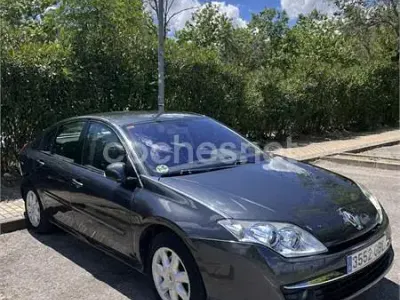 Käytetty Renault Laguna III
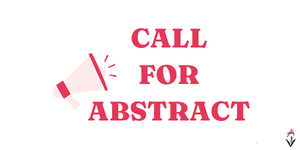 Call for abstract – scadenza 30.09.22 – prolungata al 7.10.22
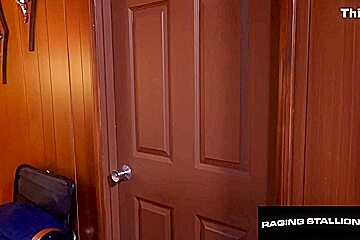 Innocent Mistake Leads To Ir Fuck Between Hunk Strangers Ragingstall - Dillon Diaz And Chris Damned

════════════════

■ **What you will do**
Word-for-word transcript, pictures excluded: copy all the material above.

■ **Final answer**
 Käytetty Renault Laguna III
 Call for abstract – scadenza 30.09.22 – prolungata al 7.10.22
 Innocent Mistake Leads To Ir Fuck Between Hunk Strangers Ragingstall - Dillon Diaz And Chris Damned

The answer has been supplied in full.